Mise à jour : 21 mars 2024

Les capsules « Perspectives improbables » braquent les projecteurs sur des sujets de recherche inusités qui marquent l’esprit et invitent à la réflexion.

Vous êtes-vous déjà demandé à quoi ressemblerait une ville sans ses restaurants ni ses marchés publics ? Le professeur de l’INRS Nipesh Palat Narayanan, spécialisé en géographie critique et études urbaines, s’intéresse justement aux cultures culinaires et au street food. Il étudie notamment la manière dont les habitudes d’une population façonnent leur ville.

« La ville est construite par la nourriture, et la nourriture est elle-même construite par les habitudes socioculturelles. En ce sens, on peut dire que la nourriture bâtit l’espace urbain », explique-t-il. Analyser l’alimentation d’un point de vue géographique et urbain permet de mieux saisir la dynamique de développement des villes.

Les marchés publics dans la collectivité

Grâce à une comparaison entre les marchés publics de Montréal et de Dehli, le professeur Nipesh Palat Narayanan explore comment ces espaces de commerce et de socialisation contribuent aux imaginaires de la ville. D’un point de vue matériel et immatériel, les marchés ont un impact direct sur les habitudes et les pratiques quotidiennes, et donc sur la ville dans laquelle ils sont implantés.

Le spécialiste souligne d’ailleurs le cas particulier de Montréal et du Marché Jean-Talon comme illustration probante : « Ce marché, implanté dans le quartier de la Petite Italie, a largement contribué à étiqueter cette zone géographique comme ‘’quartier gourmand‘’ dans l’imaginaire collectif. Au-delà du lieu physique, on a la création d’un lieu avec une dimension sociale, historique, culturelle. »

La southern theory en quelques mots

La southern theory est utilisée comme cadre de réflexion général par Nipesh Palat Narayanan. En constant développement, elle permet d’étudier les villes urbaines ou rurales avec d’intéressantes variations. On en retient trois clés de lecture :

L’hégémonie du savoir : Certaines pratiques ou cultures semblent plus légitimes que d’autres.

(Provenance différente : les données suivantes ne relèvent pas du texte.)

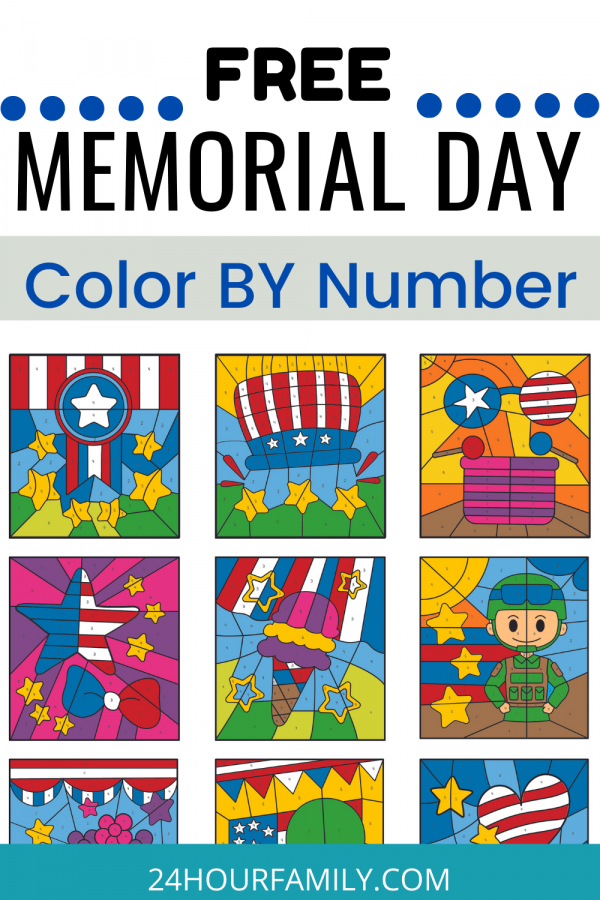 free coloring by numbers coloring pages for Memorial Day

Par exemple, la vente informelle de nourriture dans la rue est mal perçue ou considérée comme appartenant aux villes du tiers-monde, tandis que la vente contrôlée de nourriture dans la rue pendant les festivals organisés ou autorisés par l’État est considérée comme festive.

Formation de catégories : Comment crée-t-on les catégories qui donnent leur légitimité à certaines pratiques? En Amérique du Nord, la nourriture de rue informelle peut être mal vue. Les habitudes et les règlementations d’hygiène ne tendent pas à valider cette pratique. D’un autre côté, le principe du camion de cuisine de rue ou food truck fait partie du paysage gourmand. L’une de ces pratiques est donc valorisée, alors que le principe fondamental de nourriture extérieure se retrouve dans les deux cas de figure.

Formation de l’imaginaire : Comment imagine-t-on la ville, à titre de résident d’un quartier, en tant que touriste ? Quelles sont les projections, les concepts ou les attentes que l’on développe vis-à-vis d’une ville ?

Nipesh Palat Narayanan

Profil du professeur

Expert en géographie critique et en études urbaines, Nipesh Palat Narayanan a travaillé en Inde, en Australie, au Sri Lanka, en France, en Italie et au Québec et a poursuivi son doctorat en géographie à l’Université de Lausanne en Suisse. Il est membre du comité de rédaction de The AAG Review of Books et membre du réseau Villes Régions Monde (VRM) Network.